In a nutshell, what we try to solve in this problem is -

  • We have some training data X_train along with its class names y_train.
  • We train a model (set of algorithms) with this training data (the magic happens here and we are yet to see it!)
  • We use the trained model to predict the class y_test of unseen data point X_test.

This is called supervised learning problem (if you don’t know yet) because we use a training dataset with class names already made available to us (nicely).

The flowchart that you could expect before diving into logistic regression implementation might look like the one shown below.

Figure 1. Supervised Learning using Logistic Regression.

Logistic regression is a type of generalized linear classification algorithm which follows a beautiful procedure to learn from data. To learn means,

  • Weight: We define a weight value (parameter) for each feature (column) in the dataset.
  • Linear Predictor (score): We compute weighted sum for each data point in the dataset.
  • Link Function: We use a link function to transform that weighted sum to the probability range \( [0, 1] \).
  • Log-Likelihood: We use the log-likelihood function as the quality metric to evaluate the prediction of the model i.e., how well the model has predicted y_predict when compared with ground truth y_train.
  • Gradient Ascent: We use gradient ascent algorithm to update the weights (parameters) by trying to maximize the likelihood.
  • Prediction: We take these learned weights and make predictions when new data point is given to the model.

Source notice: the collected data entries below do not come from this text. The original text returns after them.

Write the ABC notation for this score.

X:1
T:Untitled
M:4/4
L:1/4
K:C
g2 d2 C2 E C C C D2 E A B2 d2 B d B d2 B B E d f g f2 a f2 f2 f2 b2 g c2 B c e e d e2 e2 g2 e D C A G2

Note: To understand how the above steps work, we need to have some knowledge on probability, statistics, calculus and linear algebra.

Linear Predictor (score)

First, we define a weight value for each column (feature) in our dataset. As we have 30 features (columns) in the breast cancer dataset, we will have 30 weights [ \( \mathbf W_1, \mathbf W_2 … \mathbf W_{30}\) ]. We compute the score (weighted sum) for each data point as follows.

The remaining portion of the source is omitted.